Words are :- theater, behavior , litre, dialogue , tire, program, omelette, cheque, pajamas, realize .
I think you're looking for a hard and fast rule, and there isn't any. We can make some limited use rules:
- -er (US) vs -re (UK): theater, center, liter
- -or (US) vs -our (UK): behavior, savior, color
But there's a lot of cases that are one-off examples, and these rules don't apply 100% of the time. Standardized English spelling is relatively new, historically speaking. So tire/tyre are clearly pronounced the same, just spelled differently. Similar for realize/realise. For your particular examples:
- Typically US spellings are theater, behavior, liter, program, check, realize, pajamas
- Typically UK ones are theatre, behaviour, litre, programme, cheque, realise, pyjamas (at least, I think so, not having spent a lot of time reading modern British publications)

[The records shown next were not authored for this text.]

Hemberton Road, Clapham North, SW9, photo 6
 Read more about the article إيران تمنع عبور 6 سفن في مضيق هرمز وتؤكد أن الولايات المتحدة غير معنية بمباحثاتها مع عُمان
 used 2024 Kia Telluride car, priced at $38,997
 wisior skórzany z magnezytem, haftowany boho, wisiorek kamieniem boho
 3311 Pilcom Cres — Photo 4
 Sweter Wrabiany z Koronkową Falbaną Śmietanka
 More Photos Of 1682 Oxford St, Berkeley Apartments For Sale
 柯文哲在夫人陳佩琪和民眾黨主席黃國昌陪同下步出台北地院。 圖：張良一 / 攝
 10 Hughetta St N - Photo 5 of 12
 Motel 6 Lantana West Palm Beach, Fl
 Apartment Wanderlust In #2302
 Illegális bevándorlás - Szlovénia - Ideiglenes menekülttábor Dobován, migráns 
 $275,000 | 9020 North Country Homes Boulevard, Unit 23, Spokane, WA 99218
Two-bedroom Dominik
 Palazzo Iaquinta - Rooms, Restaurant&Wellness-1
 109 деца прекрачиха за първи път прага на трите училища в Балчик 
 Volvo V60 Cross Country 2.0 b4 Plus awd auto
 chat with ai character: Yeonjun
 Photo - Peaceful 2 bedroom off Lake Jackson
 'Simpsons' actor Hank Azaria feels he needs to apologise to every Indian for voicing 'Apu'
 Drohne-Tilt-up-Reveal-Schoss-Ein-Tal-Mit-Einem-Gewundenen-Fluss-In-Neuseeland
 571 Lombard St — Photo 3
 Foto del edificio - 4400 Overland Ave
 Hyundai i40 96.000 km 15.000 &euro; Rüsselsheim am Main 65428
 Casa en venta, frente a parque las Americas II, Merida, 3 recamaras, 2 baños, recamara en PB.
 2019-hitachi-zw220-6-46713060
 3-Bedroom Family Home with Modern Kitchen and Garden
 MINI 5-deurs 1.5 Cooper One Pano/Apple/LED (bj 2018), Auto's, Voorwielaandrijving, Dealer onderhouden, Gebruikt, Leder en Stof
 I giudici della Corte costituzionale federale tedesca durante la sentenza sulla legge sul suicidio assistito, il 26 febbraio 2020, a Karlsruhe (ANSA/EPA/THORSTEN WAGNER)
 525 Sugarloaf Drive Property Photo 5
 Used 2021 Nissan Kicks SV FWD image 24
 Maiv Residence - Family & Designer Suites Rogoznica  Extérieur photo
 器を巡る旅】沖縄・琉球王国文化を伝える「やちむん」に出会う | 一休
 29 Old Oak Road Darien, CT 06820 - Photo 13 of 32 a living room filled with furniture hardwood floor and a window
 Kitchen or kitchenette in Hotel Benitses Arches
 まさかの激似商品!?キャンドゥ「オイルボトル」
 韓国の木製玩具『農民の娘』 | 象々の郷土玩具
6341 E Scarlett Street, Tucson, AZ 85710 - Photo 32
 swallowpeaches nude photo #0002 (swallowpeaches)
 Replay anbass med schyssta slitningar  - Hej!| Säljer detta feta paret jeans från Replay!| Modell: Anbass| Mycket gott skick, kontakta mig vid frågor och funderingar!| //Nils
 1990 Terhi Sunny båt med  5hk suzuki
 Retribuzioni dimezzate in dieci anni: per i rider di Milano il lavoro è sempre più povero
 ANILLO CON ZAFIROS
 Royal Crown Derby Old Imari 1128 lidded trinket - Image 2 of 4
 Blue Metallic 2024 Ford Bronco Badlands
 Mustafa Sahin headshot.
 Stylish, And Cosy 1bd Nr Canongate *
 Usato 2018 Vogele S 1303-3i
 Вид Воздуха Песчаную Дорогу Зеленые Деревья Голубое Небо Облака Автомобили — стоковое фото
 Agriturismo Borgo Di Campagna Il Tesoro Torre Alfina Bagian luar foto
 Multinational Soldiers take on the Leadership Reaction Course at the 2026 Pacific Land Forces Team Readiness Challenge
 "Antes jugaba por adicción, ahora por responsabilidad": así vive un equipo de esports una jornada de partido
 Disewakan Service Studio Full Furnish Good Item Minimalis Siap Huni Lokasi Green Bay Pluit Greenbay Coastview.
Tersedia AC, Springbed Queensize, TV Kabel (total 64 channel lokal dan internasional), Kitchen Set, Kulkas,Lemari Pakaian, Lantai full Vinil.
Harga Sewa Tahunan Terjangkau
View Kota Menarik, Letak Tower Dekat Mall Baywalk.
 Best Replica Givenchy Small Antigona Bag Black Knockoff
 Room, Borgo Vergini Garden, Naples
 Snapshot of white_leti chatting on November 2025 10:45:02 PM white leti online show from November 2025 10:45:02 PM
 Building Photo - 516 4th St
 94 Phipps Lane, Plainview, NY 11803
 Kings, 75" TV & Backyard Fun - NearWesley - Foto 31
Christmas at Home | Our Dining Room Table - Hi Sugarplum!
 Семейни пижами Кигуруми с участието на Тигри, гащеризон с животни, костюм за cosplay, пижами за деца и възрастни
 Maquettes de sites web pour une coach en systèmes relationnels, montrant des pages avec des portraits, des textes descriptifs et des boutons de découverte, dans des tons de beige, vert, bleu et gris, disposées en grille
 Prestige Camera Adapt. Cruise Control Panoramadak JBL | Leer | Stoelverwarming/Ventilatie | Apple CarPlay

Some of these aren't country specific, though. "Dialogue" is typical on both sides (until being simplified mostly for computer use as "dialog"), as is "omelette." "Dialog" is a great example of how words change over time regardless of where you are. And, of course, sometimes people use the alternate spellings to show allegiance to their home country, to be different, for dramatic effect, for a dash of humour, etc. Despite the fact that I am an American, I will often spell theater/liter as theatre/litre, not for really any good reason.